The forecast was for 2 to 3 more inches of rain in the Houston area, a day after flooding triggered by nearly a foot of rain in a matter of hours swamped neighborhoods and highways and stranded hundreds of motorists.

Crews resumed the search for 11 people missing and presumed dead after the swollen Blanco River surged through the small tourist town of Wimberley, between San Antonio and Austin. Houston Mayor Annise Parker said two people whose boat capsized during a rescue effort were also missing.

Authorities, meanwhile, defended their warnings to residents ahead of the weather, which included alerts via phone and in person, but acknowledged the difficulty in reaching tourists and said a messaging system in Houston needs improvements.

"Nobody was saying, `Get out!

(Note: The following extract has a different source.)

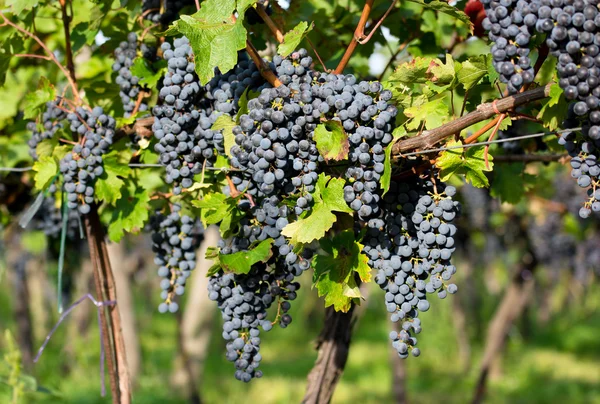 Érett szőlő napos szőlő udvarban — Stock Fotó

Get out! Get out!'" said Brenda Morton of Wimberley. She said longtime residents know the risks, but "people who were visiting or had summer homes, you have company from out of town, you don't know. You don't know when that instant is."

Morton lives three houses down from a two-story vacation home that authorities say was swept off its 10-foot pylons by a wall of water early Sunday morning with eight people inside, including three children ages 6 and 4. The house slammed into a bridge after being carried downstream on the Blanco. All eight people were missing.

Authorities in surrounding Hays County said warnings included multiple cellphone alerts and calls to landlines. Some received in-person warnings to evacuate, but officials could not say whether those in the washed-away home talked to police.

"Law enforcement made notification along that street. Whether they made contact with somebody at their residence, I can't say," Hays County Emergency Management Coordinator Kharley Smith said.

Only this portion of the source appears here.